Michta argues that disallowing Ukraine’s membership because of the Russian occupation of Crimea and large parts of the east of the country would just play into the hands of Russian dictator Vladimir Putin.
"Putin is operating on the assumption – like with Georgia – you grab a portion of a country’s territory and then you are presenting Nato with a dilemma: If you bring it into Nato you are effectively voting for going to war with Russia,” Michta says. “That doesn’t have to be the case. We extend Article 5 [security guarantee] to territory the country controls.”
He says Nato missed an opportunity at its Vilnius summit in July to make an explicit offer of membership to Ukraine. “The biggest disappointment for me was the no clear path to Nato for Ukraine.” He adds: “We communicated to Putin ‘keep fighting’.”
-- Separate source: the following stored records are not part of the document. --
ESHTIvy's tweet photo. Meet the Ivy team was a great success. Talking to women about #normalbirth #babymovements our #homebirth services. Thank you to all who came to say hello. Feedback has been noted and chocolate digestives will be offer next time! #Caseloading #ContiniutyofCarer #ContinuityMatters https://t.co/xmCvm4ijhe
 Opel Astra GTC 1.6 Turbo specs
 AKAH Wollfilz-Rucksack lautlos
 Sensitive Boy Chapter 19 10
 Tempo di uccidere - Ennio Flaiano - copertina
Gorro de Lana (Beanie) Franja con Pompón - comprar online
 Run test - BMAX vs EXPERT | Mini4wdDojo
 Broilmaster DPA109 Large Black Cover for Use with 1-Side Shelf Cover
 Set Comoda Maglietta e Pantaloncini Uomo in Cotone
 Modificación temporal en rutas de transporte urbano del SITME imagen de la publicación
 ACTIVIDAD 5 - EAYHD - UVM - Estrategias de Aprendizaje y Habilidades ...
He also points out that it is vital that Ukraine is not defeated because a Russian victory would bring its battle-hardened military forces right up to Nato’s Eastern Flank.
He criticises Western leaders for “strategic myopia”. Even though Russia’s land forces are “pretty badly damaged” from the war, they can be rebuilt in “two, maximum three years”.
“This is going to be a very different [Russian] force that comes out from this,” he says.
Michta downplays the risk of nuclear war if Ukraine is allowed to join Nato at a time when it is still in a hot or cold war with Russia.
“Putin is playing that card because we are communicating that is what we are afraid of,” he says, dismissing the risk of nuclear escalation as “relatively low”.
He therefore counsels against pressure on Ukraine President Volodomyr Zelinskiy to make peace now.
“If we find ourselves in a situation where Ukraine is cut off financially and runs out of resources, if we force Ukraine into some sort of frozen conflict or armistice, that is a victory for Putin.”
Michta says Nato’s Eastern Flank countries get this, but many Western European countries still don’t.
The Vilnius Summit made a show of the alliance’s unity, clearly marked Russia an “adversary” and agreed regional defence plans, but more work is needed.
“The alliance emerged politically unified, even if when it comes to Ukraine that unity does not translate into the same risk perceptions, or the same intensity of risk perceptions. There is a different capacity for risk taking as you move away from the flank. In the east there is a clear sense this is about Russia; as you move further west this sense of urgency declines.”
“We have a regionalised security optics across Europe and that is something that requires a lot of work.”
This is most visible in defence spending, as well as the building up of defence industries, where Western Europe is still behind the pace.
“The larger point is that if Nato does not step up on rearmament … it will become a hollowed out organisation. While the flank countries are stepping up, the western countries are shrinking their armies. There needs to be a sense of urgency, that I see lacking on the continent,” he argues.
“Europe has disarmed to the extent it would take a decade for countries like Germany to come back.”
At the same time, the huge ongoing military build-up in Poland will “completely transform the hard power picture on the flank”.
Michta argues this will require a shift in the US force structure from Germany towards the Eastern Flank, so that in the future one Nato brigade is stationed permanently in Finland or the Baltic states, two in Poland and potentially one in Romania.